United Methodists are big believers in God’s grace – love available to all God’s people.

Christ is our Teacher and our Savior.

In the life and teachings of Christ, we are offered a way of living life that centers on compassion, mercy and love for all people.

Faith is a verb.

Serving others and the Christian faith go hand-in-hand.  Faith and compassion are completely interconnected.

The Christian life is best lived in community.

The church as a community of disciples provides us with a place of worship, support, friendship and prayer as we seek to be faithful disciples.

We’re Everyday Christians.

We seek to make our private and our public actions congruent with our faith.

The heart of our Christian faith is Christ’s ministry of outreaching love.

Each person is called to be a witness to God’s love.  We don’t always have to preach with words, the way that we love one another and live our lives is a witness to God’s love.
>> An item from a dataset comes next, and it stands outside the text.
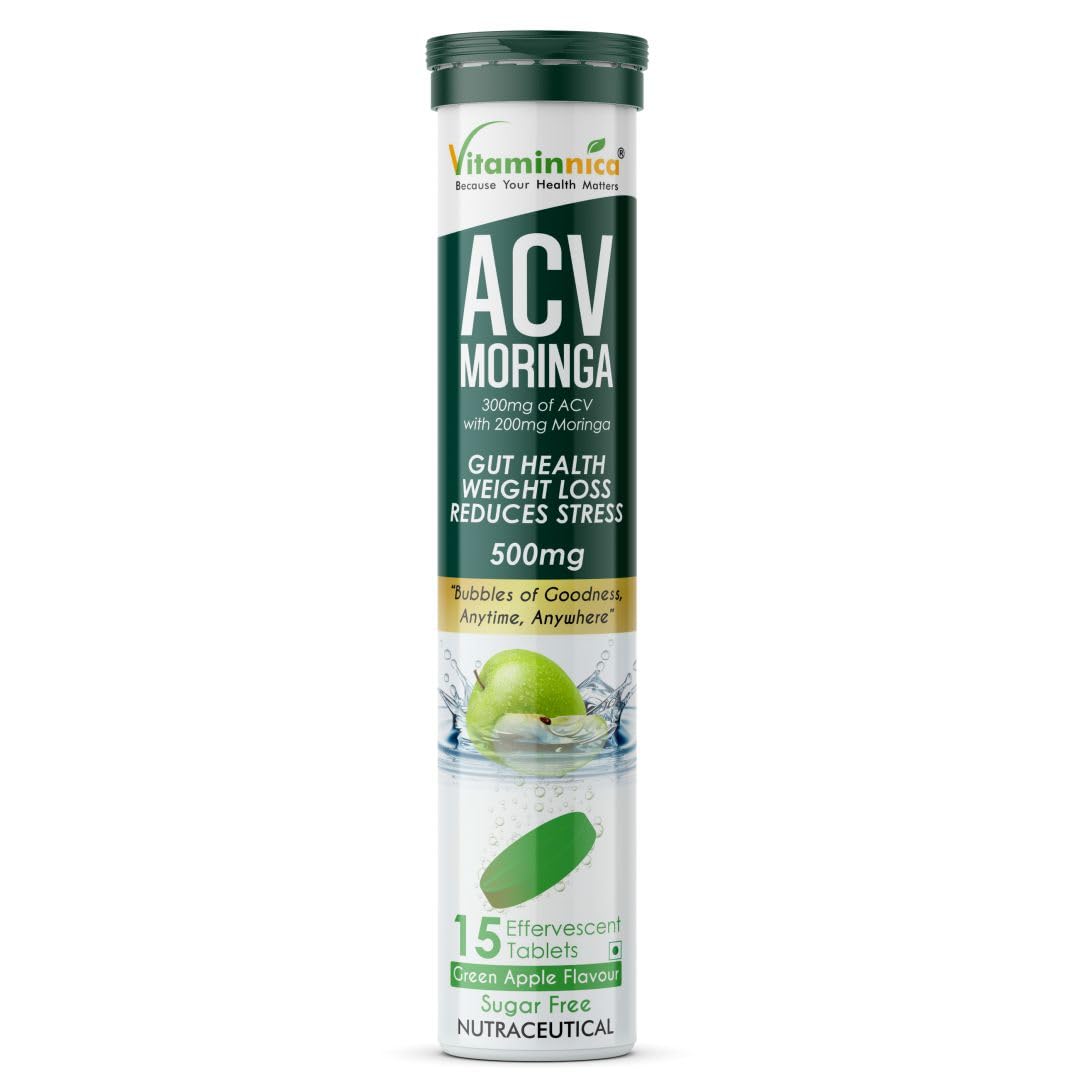 Vitaminnica ACV  Moringa Effervescent Tablets 500mg - Gut Health & Weight Support, 15 Count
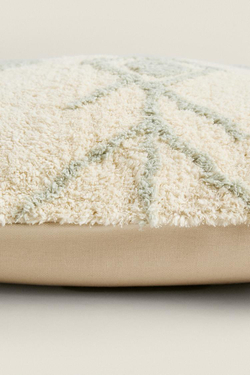 ZARA HOME ЧЕХОЛ ДЛЯ ДЕКОРАТИВНОЙ ПОДУШКИ С ВЫШИВКОЙ С ГЕОМЕТРИЧЕСКИМ УЗОРОМ, ЭКРЮ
We believe that God created all persons as people of sacred worth, dignity and moral responsibility. As disciples of Christ, we seek to be persons of love, compassion, justice and peace.

Our Mission

The Mission of the United Methodist Church is quite simply to nurture disciples of Jesus Christ for the transformation of the world.

Our History

The United Methodist Church springs from a rich tradition of studying and sharing the Gospel.  The Methodist movement began 1729 in England and was led by John and Charles Wesley.  The United Methodist Church is the result of the 1939 merger of three Methodist bodies (Methodist Episcopal, Methodist Episcopal South, and Methodist Protestant churches) and a 1968 union of the Evangelical United Brethren and The Methodist churches.  The United Methodist Church now has over 10 million members worldwide.

Sometimes people call the United Methodist Church “the church of the warm heart” because we have a history of caring about and working to create justice for all people.  It all started with our founder, John Wesley, who felt his own heart “strangely warmed” by God’s love nearly three centuries ago.  After experiencing God’s loving grace for himself, John Wesley felt called to reach out to England’s poorest citizens, preaching the Gospel of God’s unconditional love in the coal mines, factories and prisons of eighteenth century England.  John Wesley was a very devout man who taught a methodical way of living out the Christian faith.  Wesley’s methods for the Christian life included an emphasis on both inward spiritual practices (daily Bible Study, prayer and regular worship) as well as outward action (feeding the poor, visiting the sick and imprisoned).  Colleagues and detractors alike teased Wesley for his methodical ways, calling Wesley and his followers “Methodists.”  The name stuck and became a badge of honor, reflecting our commitment to a devoted faith that is both deeply spiritual and actively engaged in the world.  The passionate work of John Wesley and his “Methodists” launched a movement that spread to the American colonies and took hold with a fervor that still exists almost 300 years later.

Today, United Methodists comprise the second largest Protestant denomination in the United States.  We have started thousands of colleges and universities, hospitals and clinics, churches and outreach centers in the United States and around the world.  Our churches are connected by a system that guides our work and governs our policies.  We continue to take the lead in social, spiritual, political, and moral concerns.  In the tradition of John and Charles Wesley, our members study Scripture, encourage thoughtful debate, and confront the tough issues of the day.  We still lead with our hearts, keep our minds open, and welcome everyone through our doors.

The United Methodist Church is on part of the church universal.  We do not claim to be superior or “more right” than other churches.  We hold the belief that within our broad Christian community, there is ultimately one faith, one baptism, and one Lord.